| The task |
Make an exact copy, from the records below, of the lines from the line containing "Первинне зняття больового" to the line containing "Подолог Лаура Киев", both lines included, excluding pictures.

| Extracted material |
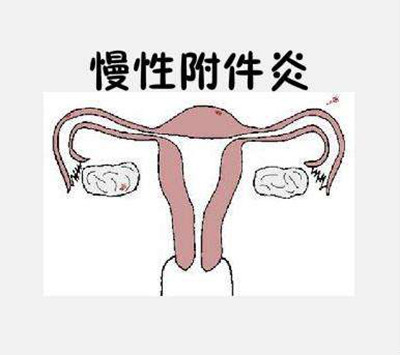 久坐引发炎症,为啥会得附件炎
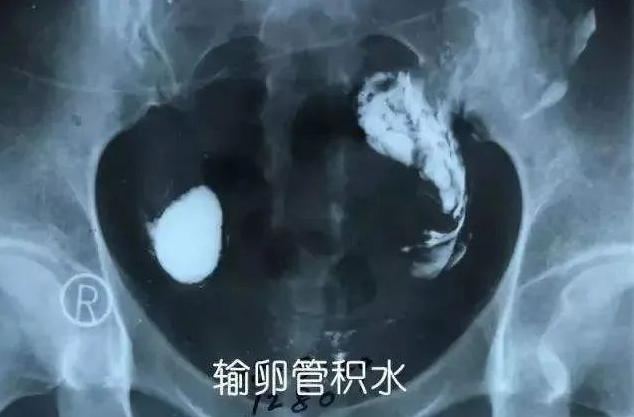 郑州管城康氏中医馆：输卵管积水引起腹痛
---
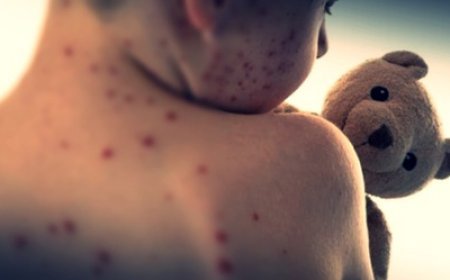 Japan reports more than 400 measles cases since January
==
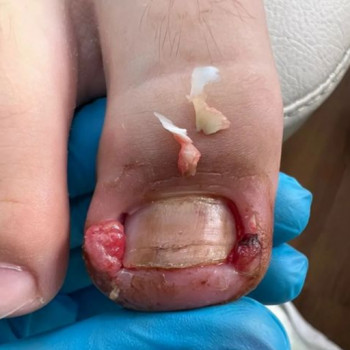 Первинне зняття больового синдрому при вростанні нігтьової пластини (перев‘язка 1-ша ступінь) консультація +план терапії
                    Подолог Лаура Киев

| Solution to this task |
 Первинне зняття больового синдрому при вростанні нігтьової пластини (перев‘язка 1-ша ступінь) консультація +план терапії
                    Подолог Лаура Киев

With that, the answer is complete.